That baby with the bathwater thing. I've been working on the patent for an invention that might make me rich and infamous later in time. It's dependent on human population growth getting way, way out of control, along with a marked shortage in food, water, breathable air and all those other incidentals we currently don't give a shit about. Okay . . . for the first time I'm making it public . . .

The Industrial Grade Mass Baby Smasher/Compacter!

This thing's sure to change the course of human history, I figure.
Depending on how we behave down the line. 


Ahem and Harumpah, continuing on. A rectangle, of course, has a long side and a short side. I would place the box in the "high side" position, take a barbell off the squat racks, get set up in front of the box and proceed to do alternating leg step-ups. When I was close to toast, I'd kick the box over onto the "lower side" position and continue on doing them craaaaazy step-ups. The cows would come home not long after; I'd re-rack the bar, rest with some desperate breaths . . . and then do it again. Bro. Worked out real well, too. But I was also squatting at the time, not replacing the Trusty Squat with the Secondary Step-Up.  You've probably seen some of Bruce Lee's training journal pages. They're all over the place online. I love the way he wrote "Squats: To Infinity." Yep, that was the set/rep scheme. Now, this shows his personal Eastern spiritual influences. Had he, had Lee been instead born a Westerner, let's say reborn and raised as the son of an Idaho farmer, the training log would've read "Squats: Till the Cows Come Home." But I'm sure the intensity would've been identical. That's en-ter-tain-ment, as they say. And I do enjoy it. A far cry from the run-of-the-mill lifting dross often prone to boring one to suicide. You know the schtuff, I'm sure. Especially some of the forum nonsense. "My barbell won't fit through the front door. Should I superset the hinges or go with kettlebells?" I kid you not! Scraping beneath the bottom of the barrel for participants at times it would seem. 
Comment sections anywhere on any topic are always a joy to read. A real font breakdown goin' on here. Call the word doc and book this 'puter a room in the psych ward immmmmmmmediately! These here symbol deals simply do not fit in. 

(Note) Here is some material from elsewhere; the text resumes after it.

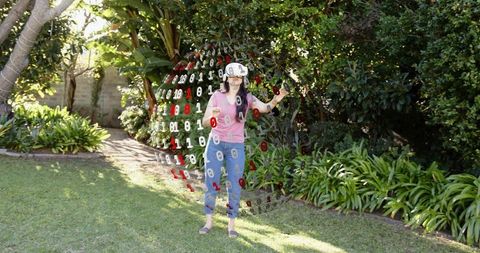 Woman wearing vr headset interacting with floating binary sphere in sunny backyard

I figure in a couple more years when I'm 70 or so, and maybe if my knees are starting to get too hot, I'll bring back step-ups on a regular basis. Until then, though, at this time and for my needs The Squat Is Impossible To Top.  He said emphatically. I said emphatically, Soldier! You can do all sorts of cool things with the Step-Up. Train it all sorts of different foolish yet wondrous ways. There's no one "right" way. I've seen some real wrong ways to use an exercise, but this one's got a pretty wide variation span when it comes to various intensity techniques. So, it's not just a strength-training movement exercise lift thing. If you're a bodybuilder, enjoy the huge array of training variations strength trainers and other lifters of the intellectual Luddite persuasion will never experience, and apply all the usual methods, ignoring those few that are suspect. Possibly dangerous. Superset with. Tri-set. Rest pause. Pyramid. High reps. As many reps as possible in a chosen time frame. Working down in reps to a sweet-n-sweaty heavy poundage. Slow controlled step-ups. Step-ups done dynamically in a room with a real low ceiling. Did I mention the football helmet with Velcro patch firmly fastened and attached to its toppermost section. Apply similar in like fashion to ceiling. Once you're stuck up there start running. It's like a weightless treadmill!  No matter. No reason you should ever go stale with these babies. The spaced quadruple repeat of a select word or phrase in writing, Bra. Taken from the ancients.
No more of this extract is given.